[Items from a data source]

====

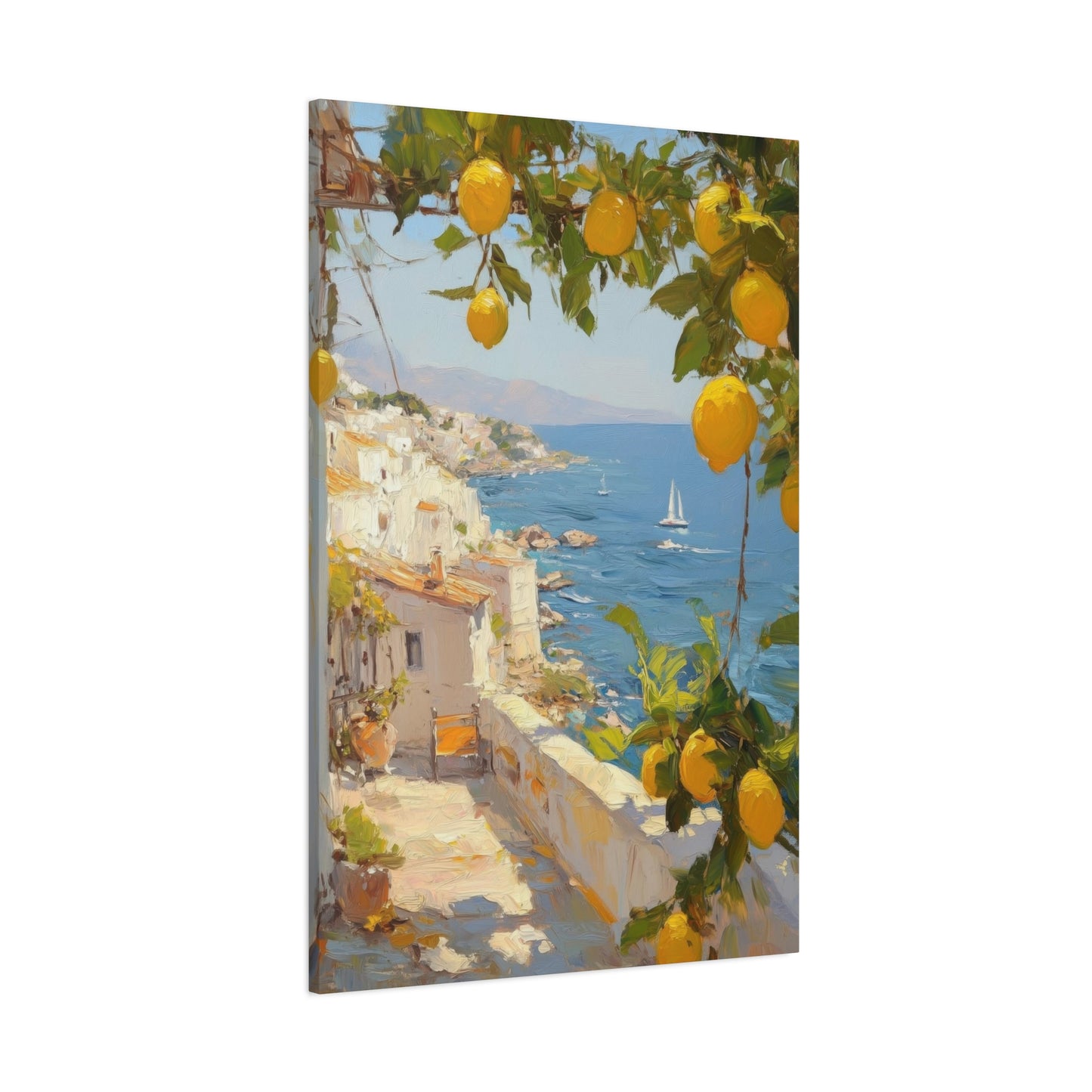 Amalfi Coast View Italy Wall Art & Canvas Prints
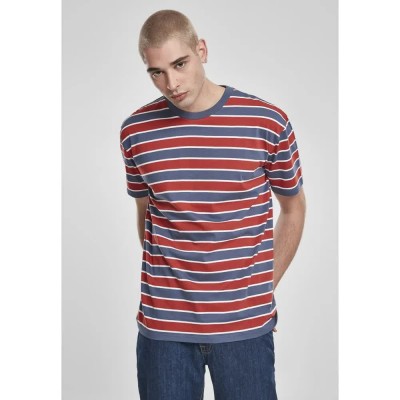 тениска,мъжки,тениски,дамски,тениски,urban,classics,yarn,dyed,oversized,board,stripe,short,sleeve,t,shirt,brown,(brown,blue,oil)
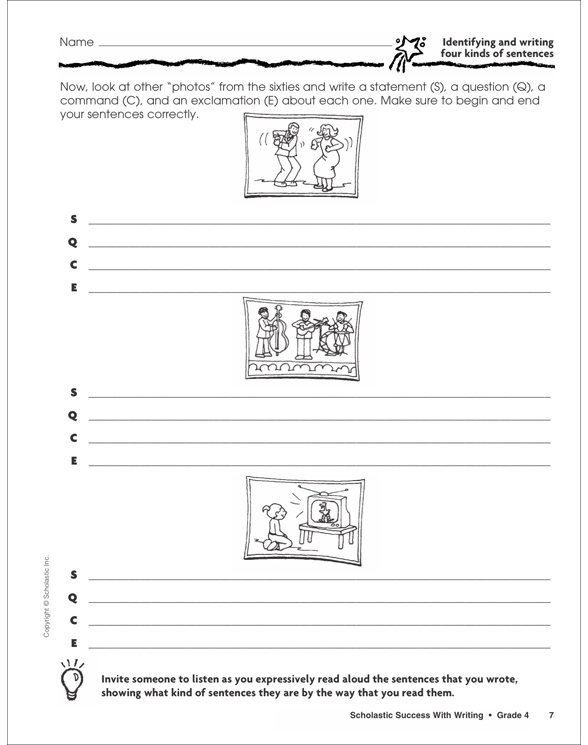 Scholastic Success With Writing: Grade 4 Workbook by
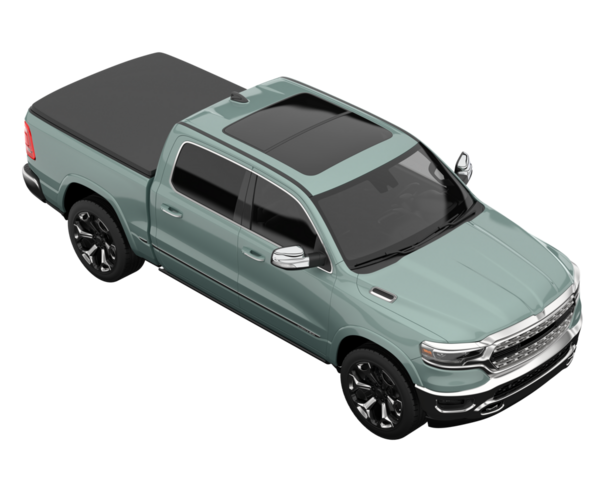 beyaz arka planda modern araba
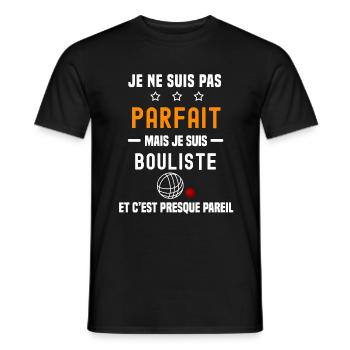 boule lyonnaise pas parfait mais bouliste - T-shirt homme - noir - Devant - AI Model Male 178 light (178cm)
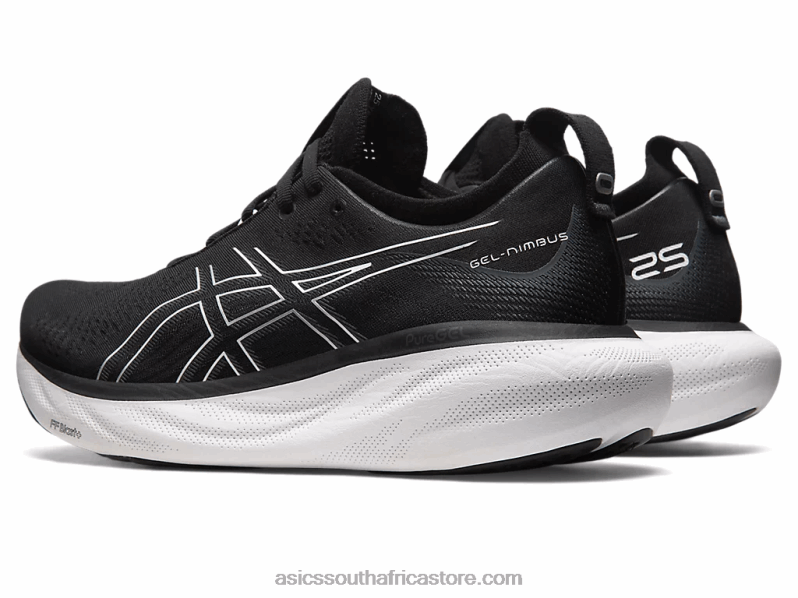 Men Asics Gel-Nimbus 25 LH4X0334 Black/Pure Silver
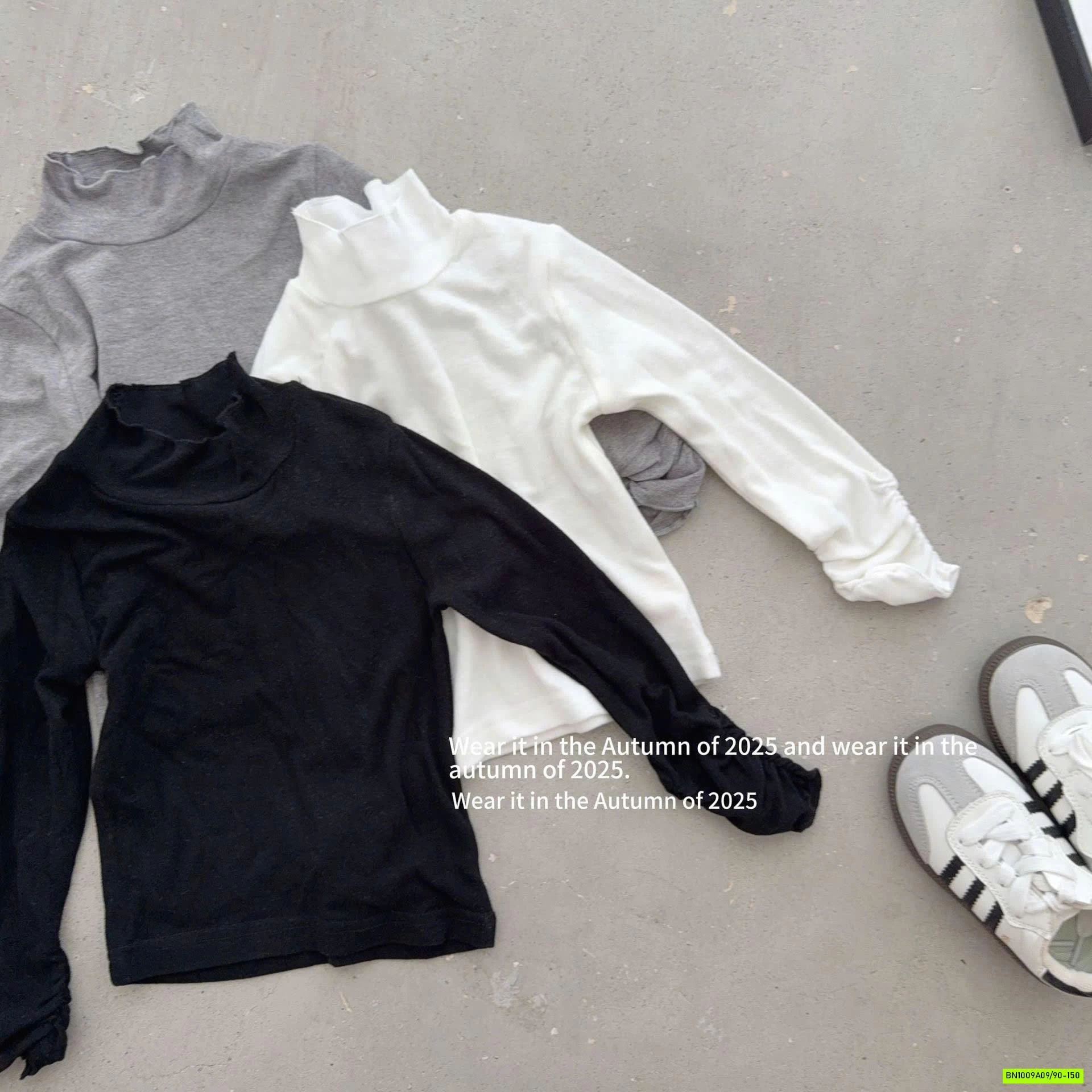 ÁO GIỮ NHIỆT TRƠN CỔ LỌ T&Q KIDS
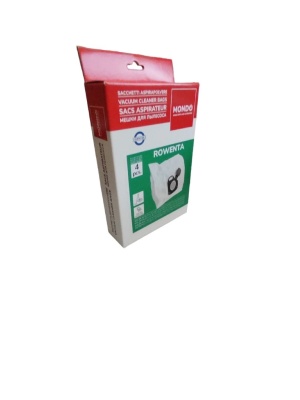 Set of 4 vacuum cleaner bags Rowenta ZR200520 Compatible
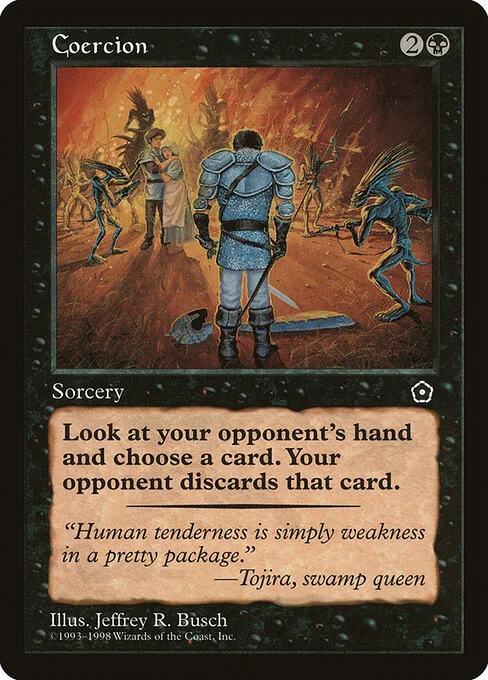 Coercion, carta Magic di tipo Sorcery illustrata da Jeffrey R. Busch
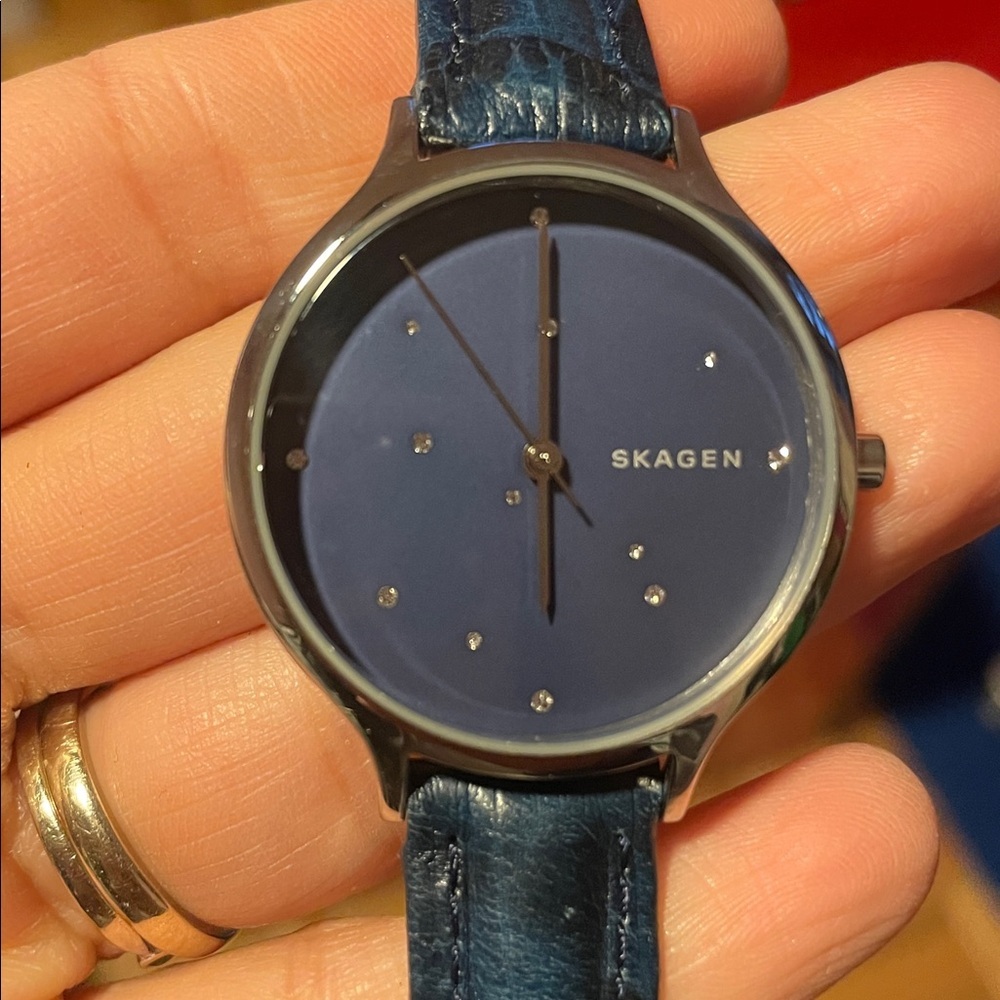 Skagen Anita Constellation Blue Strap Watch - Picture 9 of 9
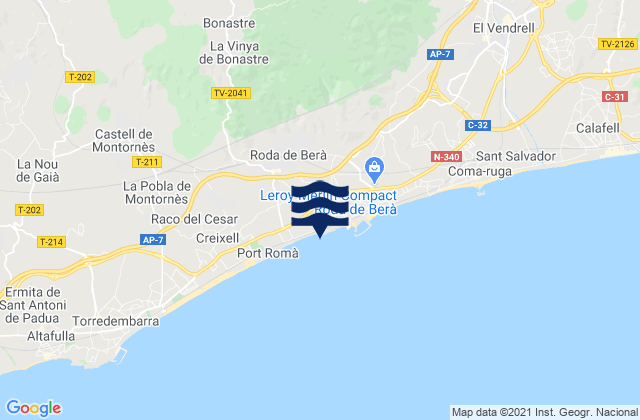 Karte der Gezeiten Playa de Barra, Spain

====

● **TASK**:
All of the data should come back exactly as written, but without pictures.

● **ANSWER TO THE PROBLEM**:
 Amalfi Coast View Italy Wall Art & Canvas Prints
 тениска,мъжки,тениски,дамски,тениски,urban,classics,yarn,dyed,oversized,board,stripe,short,sleeve,t,shirt,brown,(brown,blue,oil)
 Scholastic Success With Writing: Grade 4 Workbook by
 beyaz arka planda modern araba
 boule lyonnaise pas parfait mais bouliste - T-shirt homme - noir - Devant - AI Model Male 178 light (178cm)
 Men Asics Gel-Nimbus 25 LH4X0334 Black/Pure Silver
 ÁO GIỮ NHIỆT TRƠN CỔ LỌ T&Q KIDS
 Set of 4 vacuum cleaner bags Rowenta ZR200520 Compatible
 Coercion, carta Magic di tipo Sorcery illustrata da Jeffrey R. Busch
 Skagen Anita Constellation Blue Strap Watch - Picture 9 of 9
 Karte der Gezeiten Playa de Barra, Spain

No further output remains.